Giles: Helping out with the dishes makes me feel useful. Dawn: Wanna clean out the garage with us Saturday? You could feel indispensable.

'Dirty Girls'


Literary Buffistas 3: Don't Parse the Blurb, Dear.

There's more to life than watching Buffy the Vampire Slayer! No. Really, there is! Honestly! Here's a place for Buffistas to come and discuss what it is they're reading, their favorite authors and poets. "Geez. Crack a book sometime."


Kat - Jul 14, 2013 6:07:55 am PDT #21056 of 28370
"I keep to a strict diet of ill-advised enthusiasm and heartfelt regret." Leigh Bardugo

Kate, I feel like anything that pertains to Maddie is true. I believe that the Anna Engel stuff was all lies -- it was meant to be the diversion. Most of her account was a lie. Hence her "This is the truth! This is the truth!" and her telling the girl who refused to confess to just lie.

It's a perfect way to teach unreliable narrator, I think.


Polter-Cow - Jul 14, 2013 4:09:16 pm PDT #21057 of 28370
What else besides ramen can you scoop? YOU CAN SCOOP THIS WORLD FROM DARKNESS!

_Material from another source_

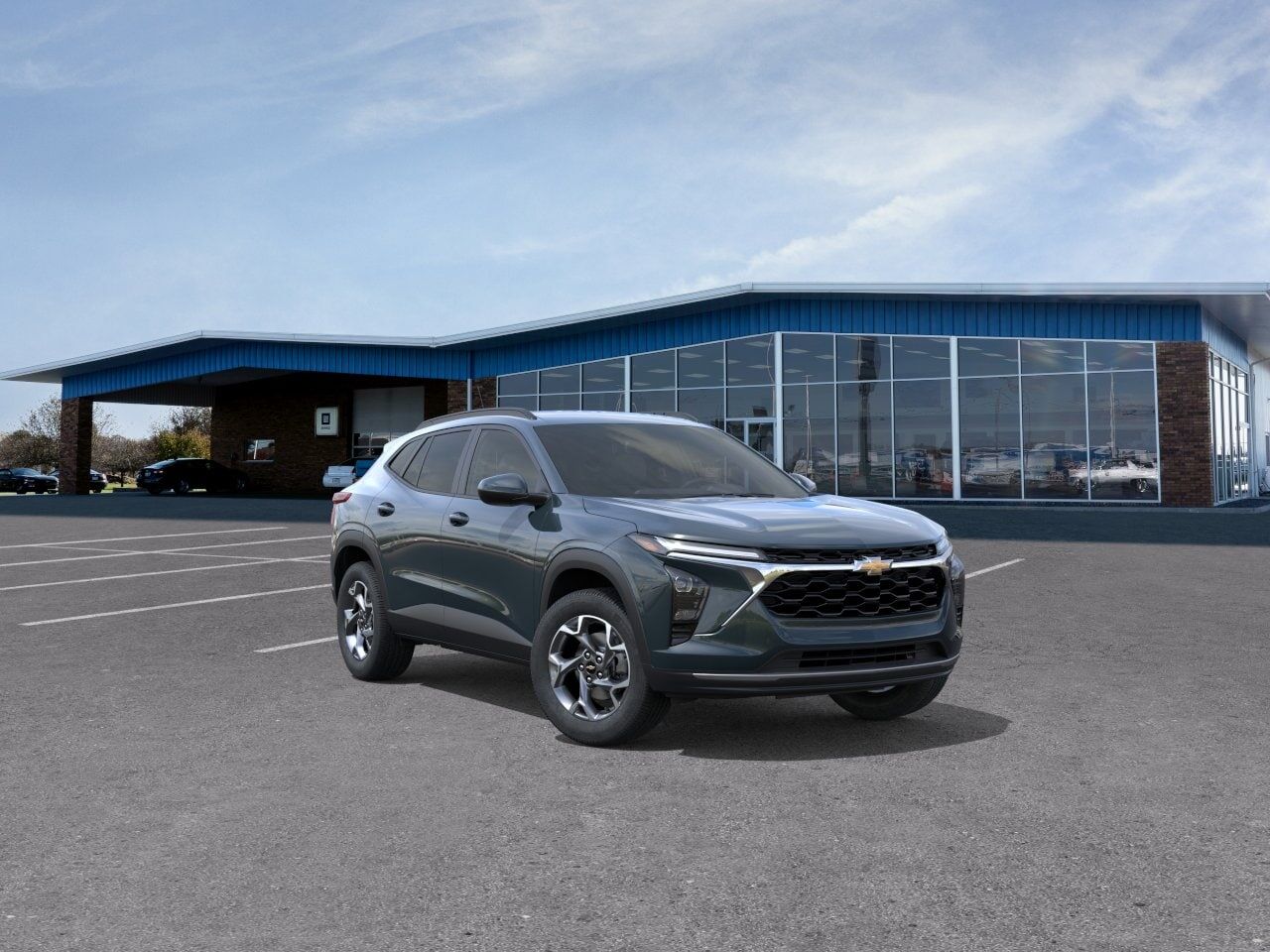 2026 CHEVROLET Trax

Has anyone read Armor, by John Steakley? I haven't read a book this fucking frustrating in a while. I'm almost annoyed that it actually redeemed itself in the end.


Fred Pete - Jul 15, 2013 5:31:27 am PDT #21058 of 28370
Ann, that's a ferret.

I do think class is as much an American focus as race, although race is clearly not a focus anywhere else.

Yet class in America is inextricably intertwined with money, more so (I think) than elsewhere. I'd also add a 3rd Great American Focus, religion, which also plays out in a way different than elsewhere.

I'll argue for Theodore Dreiser's An American Tragedy. It isn't on that list. But class/money determines almost the entire plot, with more than a passing discussion of the effect of religion.

Oh, and Moby Dick is overrated. The treatise on whaling breaks into the plot too deeply.


§ ita § - Jul 15, 2013 7:03:24 am PDT #21059 of 28370
Well not canonically, no, but this is transformative fiction.

although race is clearly not a focus anywhere else

I don't understand what this means. What is the anywhere else?


Amy - Jul 15, 2013 7:56:06 am PDT #21060 of 28370
Because books.

I should have said almost, I guess. Race isn't a big focus in historical British literature, or most European literature, unless I'm completely wrong. And I absolutely could be. I just couldn't think of examples that address it the way Huck Finn and other American literature does.


§ ita § - Jul 15, 2013 8:06:58 am PDT #21061 of 28370
Well not canonically, no, but this is transformative fiction.

When British literature touches the colonies (and unsurprisingly my reading is skewed thusly) it is reasonably often a big deal. And when it's not it is therefore in hindsight, because it takes a lot of work to ignore that shit. I think of Kipling and Achebe and Stevenson and Defoe when I think of the genre.


Amy - Jul 15, 2013 8:42:26 am PDT #21062 of 28370
Because books.

That's a bunch of people I never really read. So, like I said, if I'm wrong, I apologize.


le nubian - Jul 15, 2013 8:46:41 am PDT #21063 of 28370
"And to be clear, I am the hell. And the high water."

I'm reading Divergent by Veronica Roth right now and from the first chapter, the book has me hooked. I'm about 60% of the way right now (can you tell I'm reading on a Kindle?) and my early affection for the book is a bit more muted, but I'm still hooked.

I find the events of the book pretty realistic (and periodically horrifying) given Roth's world-building.

For those who liked Hunger Games, I recommend it.


Steph L. - Jul 15, 2013 10:48:42 am PDT #21064 of 28370
this mess was yours / now your mess is mine

I read that and REALLY liked it. The sequel (Insurgent) is pretty good, too, and sets up the last book in the trilogy (which I think is supposed to be out in October) really well.


Pix - Jul 15, 2013 10:56:20 am PDT #21065 of 28370
The status is NOT quo.

Yep, I really enjoyed the first two in that series as well. I liked the fact that Roth resists the Hunger Games temptation to make the female protagonist a bleak, empty shell of herself as the story progresses.